Since $\operatorname{d}f_{\mathbf v}$ is linear, $$\operatorname{d}f_{\mathbf v}[a\mathbf w_1+b\mathbf w_2]=a\operatorname{d}f_{\mathbf v}[\mathbf w_1]+b\operatorname{d}f_{\mathbf v}[\mathbf w_2].\tag{1}$$ If $\mathbf u$ is a unit vector, then $\operatorname{d}f_{\mathbf v}[\mathbf u]$ is just the directional derivative in the direction of $\mathbf u$, which measures the slope of the tangent plane in that direction. Relative to the standard basis, then, we have the familiar $$\operatorname{d}f_{\mathbf v}[\Delta\mathbf v]=\Delta x\operatorname{d}f_{\mathbf v}[\mathbf e_x]+\Delta y\operatorname{d}f_{\mathbf v}[\mathbf e_y] = f_x(\mathbf v)\Delta x+f_y(\mathbf v)\Delta y,\tag{2}$$ since the partial derivatives $f_x$ and $f_y$ are just the directional derivatives in the directions of the coordinate axes.
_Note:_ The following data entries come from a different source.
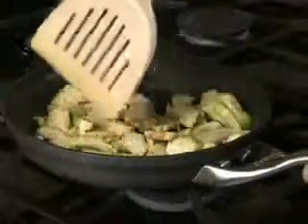Step 11, saute, braise, or stew the artichoke slices as you wish. These are several ways to cook artichokes.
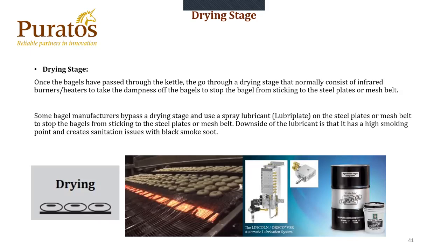The drying stage coming after the kettle is one of two ways: either air-dried with an air knife or dried with infrared burners. If you don't use either one, you're going to have to use a lubricant — a Duralube or lubricant plate. It's basically a greasing system that applies a lubricant onto the oven belt every two to three seconds, lubricating the belt so the bagels don't stick during the baking cycle.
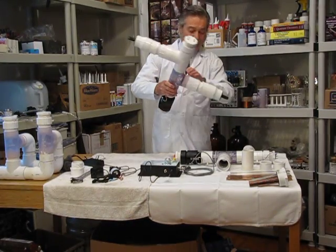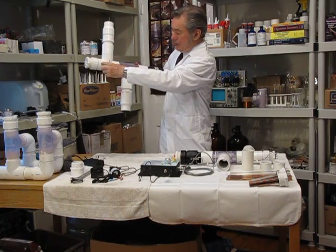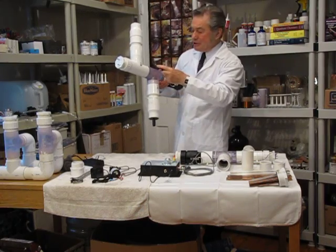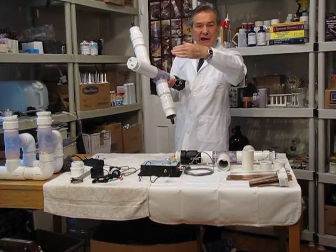The water comes in from this side and goes down onto the end of the electrodes, because that's where most of the wear is — they wear down like a candle.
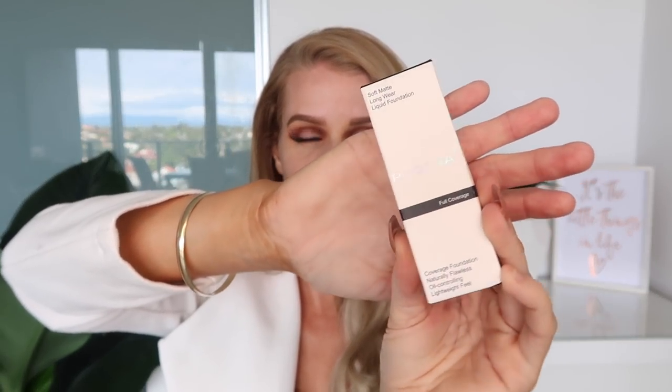It just looks a little bit too good to be true. This is the foundation — I don't actually know how to say it, like Phoera or Phoera, it's P-H-O-E-R-A. It does say it's made in China, so hopefully the ingredients aren't too bad for my skin. Normally the shade 'Sand' would be a yellow undertone, but this one looks quite pinky in person. It's likely it's not going to match me perfectly — it's very hard to buy things online and match them 100%. I just want to see how the foundation performs.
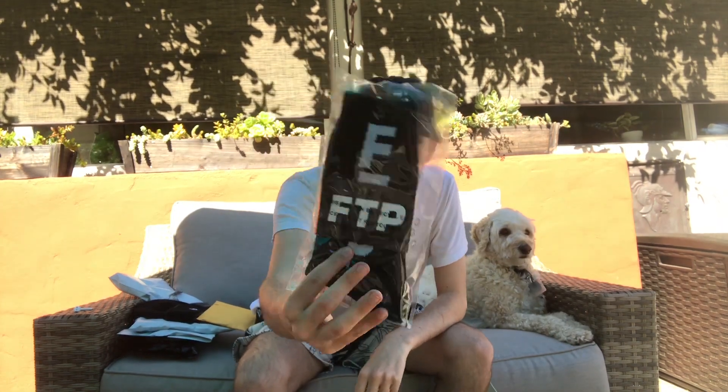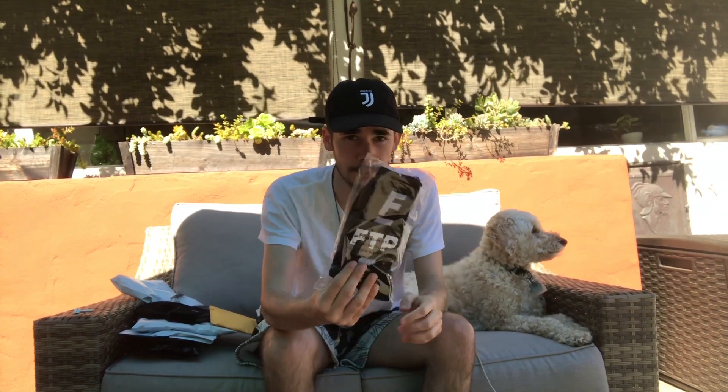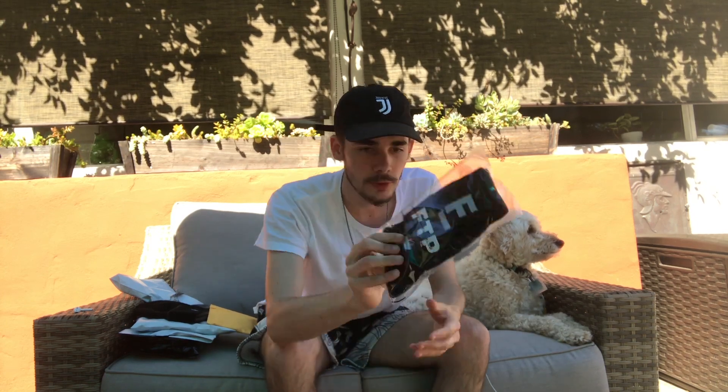The first item I got is a pair of FTP socks. I don't have the original pair but I think I have like the second or third pair that came out. It's the same thing but with FTP branding. Pretty cool socks — I haven't worn the original pair, so I can't fully compare.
We can use a different pair of unit vectors $\mathbf u_1$ and $\mathbf u_2$, though. Referring to (1) we see that in that case $\Delta x$ and $\Delta y$ in (2) are replaced by the components of $\Delta\mathbf v$ in those directions and the partial derivatives are replaced by the respective directional derivatives.

That’s exactly what you’ve been given in this problem: a pair of linearly independent unit vectors and the directional derivatives in those directions. All that remains for you to do is to express the displacement $\Delta\mathbf v$ in terms of these two vectors and then put it all together.